Hi everyone, nakanit here. I’m sorry it’s been (pretty much) two months since I last posted – it’s been a whirlwind for me on all levels of being, and I’m finally taking some time to slow down enough to write a post. What kind of crazy? More below.

Ice Bear from the show We Bare Bears on the Cartoon Network. Original image found on Violet Bruce’s Tumblr. Check them out!

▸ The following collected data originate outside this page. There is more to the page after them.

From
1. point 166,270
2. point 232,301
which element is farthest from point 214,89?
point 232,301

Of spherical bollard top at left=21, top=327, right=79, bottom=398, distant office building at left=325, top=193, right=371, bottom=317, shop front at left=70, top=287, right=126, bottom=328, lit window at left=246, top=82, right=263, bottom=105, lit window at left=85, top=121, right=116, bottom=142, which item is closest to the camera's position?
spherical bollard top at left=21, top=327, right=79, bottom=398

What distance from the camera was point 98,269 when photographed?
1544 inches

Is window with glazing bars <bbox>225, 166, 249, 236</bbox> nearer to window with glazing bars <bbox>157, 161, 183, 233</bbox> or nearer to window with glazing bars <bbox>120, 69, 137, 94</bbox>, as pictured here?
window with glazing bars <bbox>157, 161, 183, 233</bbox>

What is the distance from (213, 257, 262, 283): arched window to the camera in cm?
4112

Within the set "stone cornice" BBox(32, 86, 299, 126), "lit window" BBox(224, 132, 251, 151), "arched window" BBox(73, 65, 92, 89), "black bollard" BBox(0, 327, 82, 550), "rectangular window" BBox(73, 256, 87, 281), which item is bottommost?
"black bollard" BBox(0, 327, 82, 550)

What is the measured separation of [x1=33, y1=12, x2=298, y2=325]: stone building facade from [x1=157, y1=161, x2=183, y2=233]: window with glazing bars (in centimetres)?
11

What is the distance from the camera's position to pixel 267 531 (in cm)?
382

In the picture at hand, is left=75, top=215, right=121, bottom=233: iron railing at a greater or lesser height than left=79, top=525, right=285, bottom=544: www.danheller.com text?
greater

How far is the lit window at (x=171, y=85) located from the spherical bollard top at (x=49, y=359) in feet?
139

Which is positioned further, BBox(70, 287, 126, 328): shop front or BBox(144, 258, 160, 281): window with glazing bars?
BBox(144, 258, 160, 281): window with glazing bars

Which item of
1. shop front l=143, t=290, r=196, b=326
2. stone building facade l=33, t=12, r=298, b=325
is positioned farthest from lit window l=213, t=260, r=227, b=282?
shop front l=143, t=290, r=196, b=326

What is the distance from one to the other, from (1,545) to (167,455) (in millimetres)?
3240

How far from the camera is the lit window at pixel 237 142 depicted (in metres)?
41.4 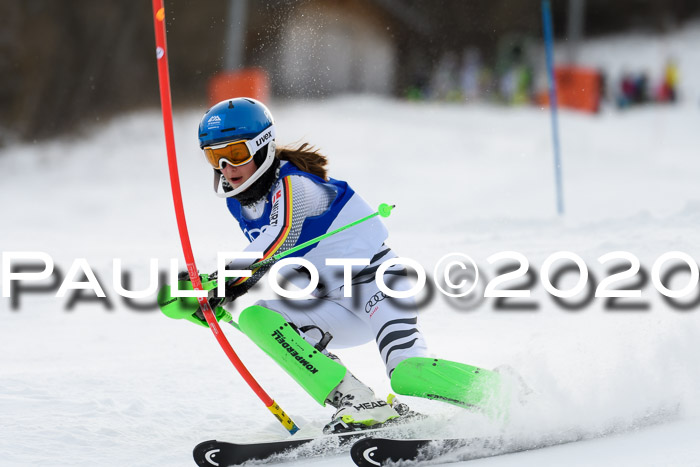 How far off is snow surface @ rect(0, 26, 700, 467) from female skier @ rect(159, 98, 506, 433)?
0.24m

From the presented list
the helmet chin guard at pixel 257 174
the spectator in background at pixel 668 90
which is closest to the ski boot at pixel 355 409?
the helmet chin guard at pixel 257 174

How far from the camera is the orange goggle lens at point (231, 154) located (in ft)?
12.0

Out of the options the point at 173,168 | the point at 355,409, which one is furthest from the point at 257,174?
the point at 355,409

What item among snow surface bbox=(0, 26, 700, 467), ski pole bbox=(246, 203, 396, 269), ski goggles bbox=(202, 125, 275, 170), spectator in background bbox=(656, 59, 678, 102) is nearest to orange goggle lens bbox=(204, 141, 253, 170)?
ski goggles bbox=(202, 125, 275, 170)

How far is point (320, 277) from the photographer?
12.6 ft

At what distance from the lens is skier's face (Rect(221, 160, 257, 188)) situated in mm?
3666

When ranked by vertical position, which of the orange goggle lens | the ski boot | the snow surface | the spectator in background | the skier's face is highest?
the orange goggle lens

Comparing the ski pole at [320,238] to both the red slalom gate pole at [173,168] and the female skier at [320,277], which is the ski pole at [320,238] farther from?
the red slalom gate pole at [173,168]

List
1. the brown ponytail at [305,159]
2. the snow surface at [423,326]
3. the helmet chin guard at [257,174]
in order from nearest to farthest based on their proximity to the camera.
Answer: the snow surface at [423,326], the helmet chin guard at [257,174], the brown ponytail at [305,159]

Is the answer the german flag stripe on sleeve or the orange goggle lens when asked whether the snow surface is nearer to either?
the german flag stripe on sleeve

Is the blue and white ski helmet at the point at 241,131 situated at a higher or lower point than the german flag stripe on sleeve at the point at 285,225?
higher

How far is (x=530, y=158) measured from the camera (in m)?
15.9

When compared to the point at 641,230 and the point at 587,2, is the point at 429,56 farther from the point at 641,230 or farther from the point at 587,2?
the point at 641,230

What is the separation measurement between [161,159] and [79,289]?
9.93 metres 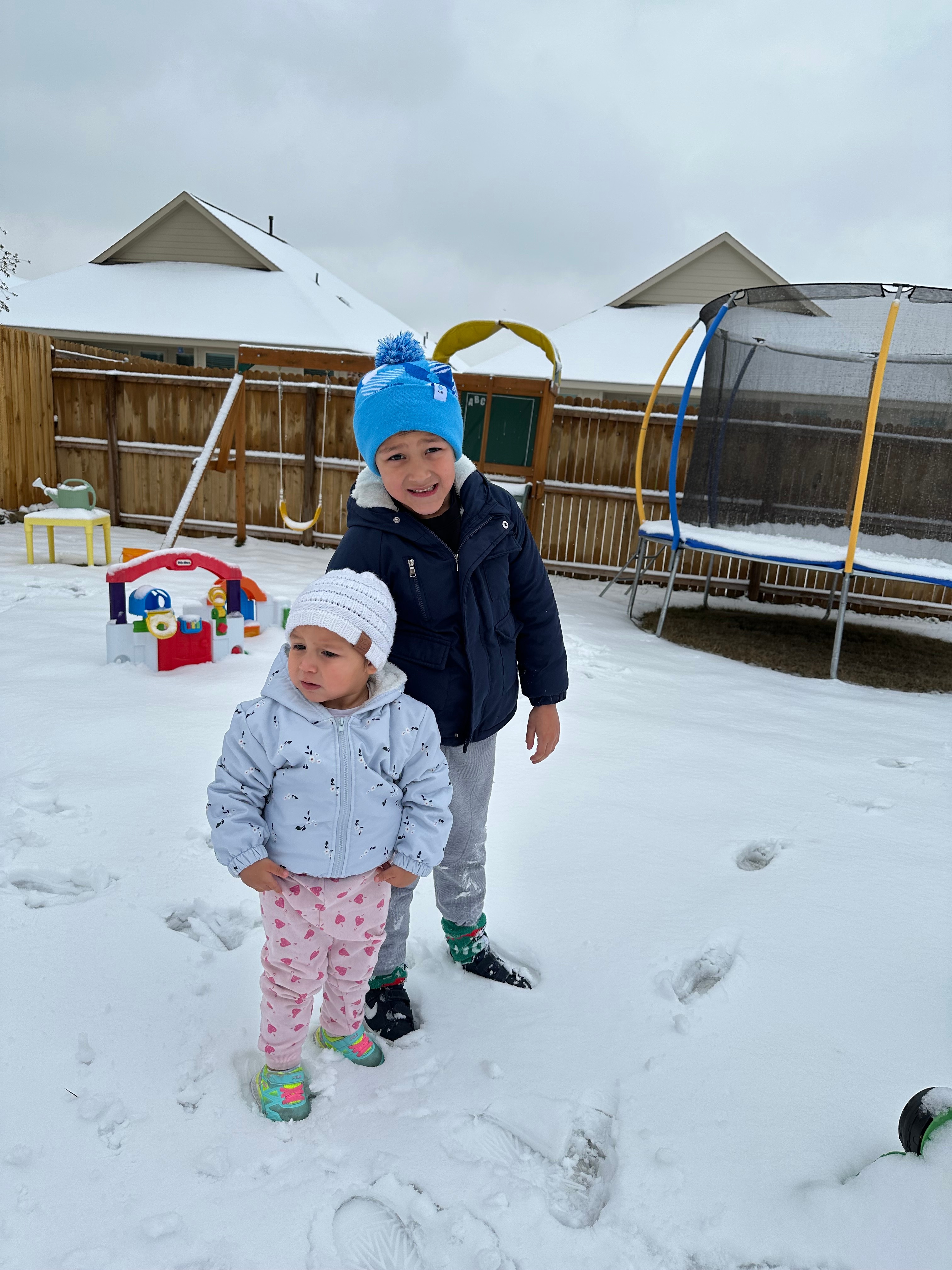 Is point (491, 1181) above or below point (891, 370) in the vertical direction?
below

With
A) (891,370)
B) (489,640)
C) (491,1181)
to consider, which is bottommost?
(491,1181)

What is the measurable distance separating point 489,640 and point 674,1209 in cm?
110

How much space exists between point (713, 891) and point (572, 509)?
6.45 m

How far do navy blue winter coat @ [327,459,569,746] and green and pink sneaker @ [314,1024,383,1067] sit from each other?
641 millimetres

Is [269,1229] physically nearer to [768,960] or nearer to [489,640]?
[489,640]

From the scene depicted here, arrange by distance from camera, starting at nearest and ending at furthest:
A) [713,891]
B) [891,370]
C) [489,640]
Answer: [489,640], [713,891], [891,370]

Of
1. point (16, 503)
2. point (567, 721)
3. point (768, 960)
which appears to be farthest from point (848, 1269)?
point (16, 503)

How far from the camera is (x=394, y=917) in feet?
5.47

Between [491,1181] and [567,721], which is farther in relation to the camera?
[567,721]

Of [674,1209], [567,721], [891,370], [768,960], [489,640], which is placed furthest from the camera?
[891,370]

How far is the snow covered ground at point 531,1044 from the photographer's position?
3.91 ft

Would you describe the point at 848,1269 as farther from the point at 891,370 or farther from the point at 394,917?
the point at 891,370

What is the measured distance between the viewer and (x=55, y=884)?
1988 millimetres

December. This month involved a lot of baking, weight gaining, Christmas, Drake, working at the hospital, and visiting with friends and family. I didn’t take any extra steps to take care of my skin this month unfortunately, so no new finds here. *sadface*

January. I transitioned into a different job as I wasn’t getting too many shifts at the hospital, and I was looking for better work-life balance. I tweaked my back (herniated disk! ugh!) first week into the new year, so I was in pain for 3 weeks and had a few physio appointments. I’m glad to announce that I am A-OK now though (and totally working on strengthening supportive spine muscles). In other news, Chinese New Year happened (have a lucky Rooster year guys!) and the hubster and I gave out our first red envelopes as a married couple. An interesting change in duties, but didn’t feel anything too out of the ordinary – just comes with the upgrade in status I guess.

Skincare wise: I finished using my First Aid Beauty Ultra Repair Hydrating Serum, which I somehow went through a lot quicker than my last bottle. I’m sad that I couldn’t write a review on it before finishing it, so I’ve got no pics to cover it. However if any lovely reader wants a quick recap, I’d be happy to share my thoughts on it!

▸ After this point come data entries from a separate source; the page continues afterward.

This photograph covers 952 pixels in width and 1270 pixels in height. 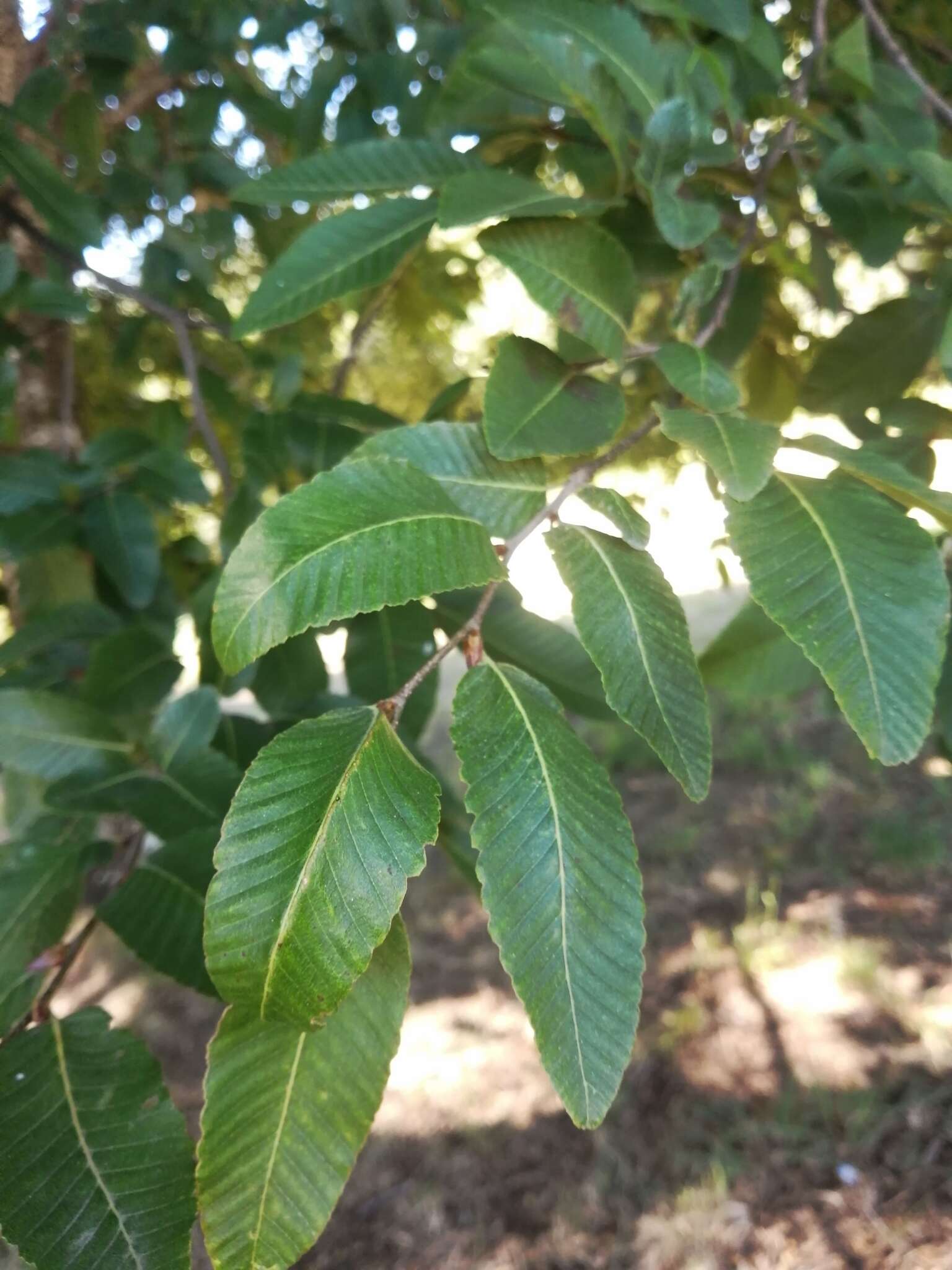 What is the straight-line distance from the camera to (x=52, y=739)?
0.88 meters

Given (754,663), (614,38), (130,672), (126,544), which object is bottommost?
(754,663)

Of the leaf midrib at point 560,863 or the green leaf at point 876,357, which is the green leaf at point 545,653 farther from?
the green leaf at point 876,357

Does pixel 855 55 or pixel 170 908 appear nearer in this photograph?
pixel 170 908

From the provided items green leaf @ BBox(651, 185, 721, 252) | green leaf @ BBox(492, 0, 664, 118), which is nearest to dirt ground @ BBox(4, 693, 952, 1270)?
green leaf @ BBox(651, 185, 721, 252)

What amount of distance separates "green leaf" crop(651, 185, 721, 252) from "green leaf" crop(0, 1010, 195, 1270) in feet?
2.42

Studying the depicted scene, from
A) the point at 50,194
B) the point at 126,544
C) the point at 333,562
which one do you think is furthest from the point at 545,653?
the point at 50,194

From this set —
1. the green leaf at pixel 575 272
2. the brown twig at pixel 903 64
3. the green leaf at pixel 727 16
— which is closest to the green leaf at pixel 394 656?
the green leaf at pixel 575 272

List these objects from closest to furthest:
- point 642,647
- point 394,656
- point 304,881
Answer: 1. point 304,881
2. point 642,647
3. point 394,656

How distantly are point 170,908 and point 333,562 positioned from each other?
0.35 metres

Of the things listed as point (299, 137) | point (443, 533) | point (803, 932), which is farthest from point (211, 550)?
point (803, 932)

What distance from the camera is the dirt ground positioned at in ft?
5.96

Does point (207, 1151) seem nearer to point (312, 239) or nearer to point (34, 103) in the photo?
point (312, 239)

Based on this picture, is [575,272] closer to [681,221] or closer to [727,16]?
[681,221]

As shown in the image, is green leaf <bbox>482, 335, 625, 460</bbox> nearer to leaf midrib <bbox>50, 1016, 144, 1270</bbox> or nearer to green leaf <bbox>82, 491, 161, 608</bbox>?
leaf midrib <bbox>50, 1016, 144, 1270</bbox>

February. I’m also taking some online courses, part-time, which started in January. This month involves a lot of getting my butt into gear for finals first weekend of March and getting hosed with information at my new job. I’m experiencing a major shock to the system – nothing I’m currently doing is familiar so it’s a bit overwhelming. And this brings me to the topic of…

Transitions (just some thoughts on how to deal and such)

When times get tough, everyone deals with things a little differently. These are just some things I’m noticing as I’m going through some sh*t, and more of a holding place for my thoughts than anything… instructive. Take it or leave it, no offense taken 🙂

  • Self-love is majorly important. I don’t think I’ve ever noticed how important this was in helping a person get through the day. Traditionally I would allow myself to not eat, sleep and cry my day away… but these days (and largely with the help my great support group) it’s helpful to
    • Keep doing the sh*t that makes you happy. And I mean sh*t like, that skincare routine you’ve built up that’s rock solid, doing your makeup, cooking your meals. Just because you feel like a sack of poo does NOT mean you aren’t allowed to do things that make you happy. Seems sort of intuitive but it wasn’t like that for me for a long time.
    • Tell yourself that IT’S OKAY to feel bad. Your feelings are yours and no one can judge you for feeling a certain way. Be kind to yourself.
    • Let yourself rejoice in the seemingly small successes. You haven’t done this before. You’re in a new environment. You’re doing fine.
    • Find a healthy way to channel your energy. I’ve set myself back so many times with terrible skin, unhealthy weight, unhealthy eating. So instead of letting myself get to a point where I’d have to start from the bottom again, I’m just going to keep trying to hold the fort down while my mental and emotional status sorts their sh*t out – like working out, taking walks, washing my face, etc.
  • Your circle. I’m a pretty independent person, so reaching out for help is pretty rare. It’s not easy for me to admit that I’m in a vulnerable spot and need help. They say that communicating is better than not, even if it comes out all mumbo-jumbo’d. Sometimes all you need is someone to acknowledge that things are tough, or to show you a perspective you’ve never considered.
  • And finally, just know that everything can change yet again… even if today sucks, tomorrow might be better. After all, you came from a place where situations changed and brought you here right now. Take a deep breath and own the discomfort, it’s a part of your legacy.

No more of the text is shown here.